Я улыбаюсь, и мы просто стоим, обнимаясь, и это абсолютно прекрасно. На нас бросают косые взгляды, ну и насрать. Дело не в посторонних, да и не во мне на самом деле. Просто Вик не хочет подниматься по этим ступенькам. И я его понимаю. Если бы у меня был список мест, где развеять маму с папой, – мест, которые напоминали бы мне о прошлом, о любви, в которой я родилась, но которую потеряла на полдороге… я бы тоже затягивала это подольше. В определенном смысле список воскрешал папу Вика: пока у него был список, с ним была часть отца. Но закончить дело – значит признать, что настал финал.
– Ну что ж, приступим, – говорю я, отстраняясь от объятий и глядя ему прямо в глаза. – Я скажу тебе то, что ты должен услышать, а не то, что хочешь. Хорошо?
– Хорошо.
Я до сих пор не знаю, что собираюсь делать в жизни, но знаю, что все сложится нормально. Потому что Джемма, Баз, Заз и Коко всегда останутся моей семьей. Но они – это мои Альт. А мой Ной восхитительно асимметричен.
– Вик.
– Да?
– Самое важное – это отпустить.
Перспектива ступить на эту обзорную площадку очень меня волнует. Для тихого наблюдателя это настоящая мекка.
Какое буквальное название – обзорная площадка.
… Вверх, вверх, вверх…
Эскалатор поднимается, температура опускается. Ближе к вершине я перекладываю урну в другую руку и поднимаю воротник куртки, но от холода это помогает мало. Пронизывающий ветер колет глаза; как я ни хочу их заслонить, у меня не получается.
Потому что: о, этот пейзаж.
Платформа окружена высокими стеклянными перегородками в паре сантиметров одна от другой. Я подхожу к самому краю. По ту сторону расстилается Нью-Йорк во всем своем шумном ночном великолепии. Здания на зданиях, и повсюду огни. Парки и деревья, машины и улицы, люди, люди, люди, шумят о чем-то.
Тысячи крошечных красных огоньков, какие-то меркнут, какие-то только загораются. Круговорот световой жизни.
– Виктор?
Услышать мамин голос – все равно что узнать песчинку на пляже. Я поворачиваюсь и вижу: она стоит рядом со скамейкой у эскалатора. И теперь она прямо передо мной, а теперь она сгребает меня в объятия, а теперь она плачет. Урна тяжелеет в моих руках. Словно папа потолстел.
Мама чуть отстраняется:
– Где ты был, Вик?
– Ты первая.
С минуту мы оба молчим. Ответы приходят, но здесь, наверху, где целый мир простирается перед нами, как-то сложно вести обычные разговоры.
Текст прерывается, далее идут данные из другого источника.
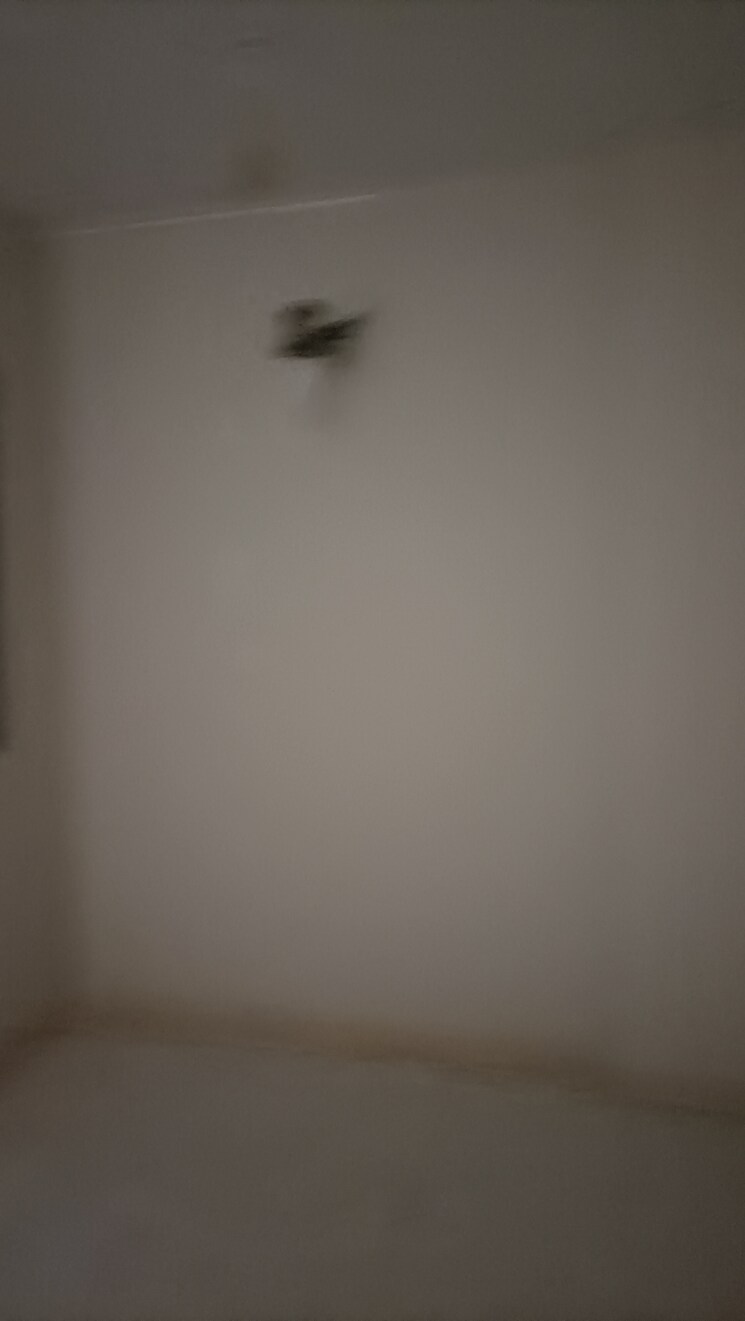 Room, paschim vihar 3 Bedroom 100 Sq.Yd. Builder Floor In Paschim Vihar Delhi 8386290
– Сюда он привел меня, – говорит она, поворачиваясь лицом к городу. – Твой папа сделал мне предложение на этом самом месте. Сказал, что у него мало денег и совсем нет кольца, зато очень много планов. У него всегда были планы.
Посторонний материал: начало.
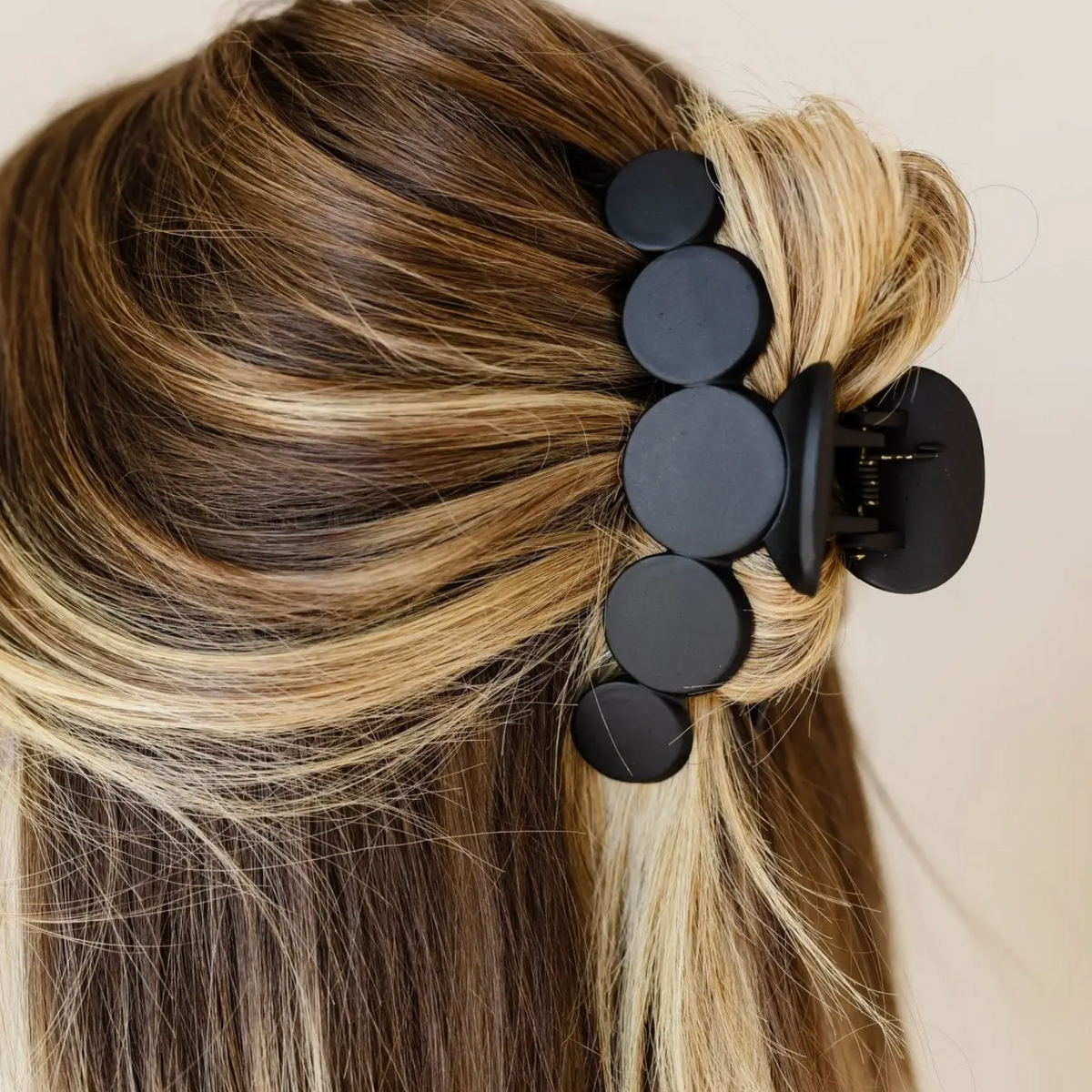 Large 4 inch matte black claw clip with circle design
Я думаю про папины планы. Многие бы посмотрели на то, чего он достиг – или не достиг, – и предположили, что у него не получилось претворить свои планы в жизнь. Но я-то знаю. Я был одним из его планов. И мама тоже. И вот мы вместе стоим здесь на вершине мира.
Вместе.
Какое слово!
– Мы думали, что надо будет тебя сюда привезти, – говорит мама. – Показать, где все началось. Но цены так взлетели. Бруно планировал приберечь эту поездку до особых обстоятельств.
Учитывая урну у меня в руках, исключительность того, что я собирался сделать, и компанию, в которой я собирался это сделать, я бы сказал, что папа выполнил план как нельзя лучше.
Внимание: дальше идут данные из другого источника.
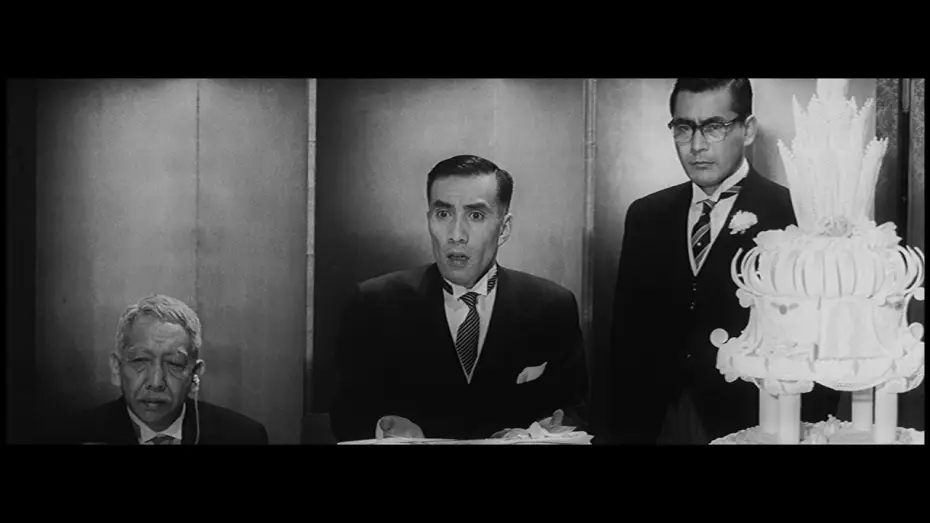 Відео до фільму 悪い奴ほどよく眠る — LES SALAUDS DORMENT EN PAIX - extrait "Pièces montées" VOST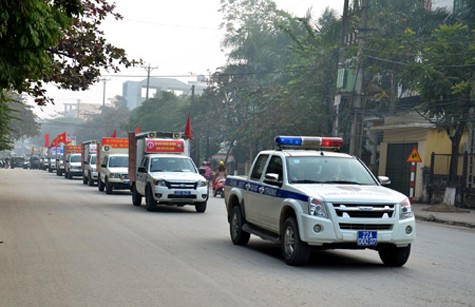 Xe ô tô tuyên truyền lưu động của các tỉnh tham gia tuyên tuyền lưu độngvề phòng, chống ma túy trên một số tuyến phố chính của thành phố Tuyên Quang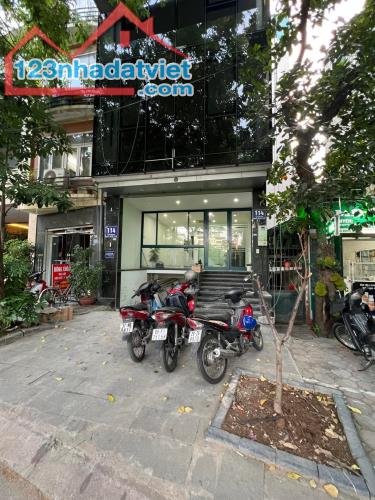 Chủ gửi bán nhanh nhà Nguyễn Đình Hoàn 7 tầng đẹp như mơ, mặt tiền 5.5m giá thương lượng - 1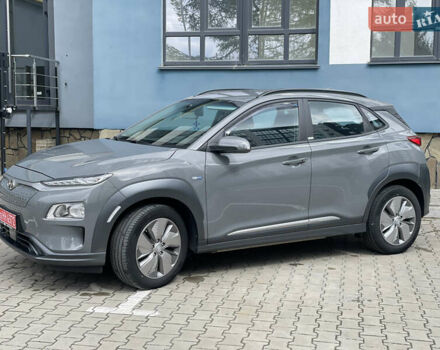 Серый Хендай Kona Electric, объемом двигателя 0 л и пробегом 47 тыс. км за 15950 $, фото 2 на Automoto.ua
Я ставлю урну между ног, достаю из кармана фотографии и смотрю на первую: мама с папой, юные влюбленные родители, стоят на этом самом месте, и за спиной у них Нью-Йорк. Я думаю обо всем, что произошло между тогда и сейчас.
Все иначе: Башни-Близнецы исчезли.
Все по-прежнему: город жив.
Все иначе: я здесь.
Все по-прежнему: мама с папой здесь.
Все иначе: папа в урне.
Все по-прежнему: мы, каждый из нас, все так же безнадежно надеемся.
Все вращается вокруг одновременных чрезвычайных противоположностей.
Вторая фотография предлагает историю о самом начале. Мама с папой и их свежие татуировки: восток и запад. Я поднимаю взгляд на маму, опускаю на папу. Видимо, татуировки сработали. Даже сейчас папа направляет нас в нужную сторону.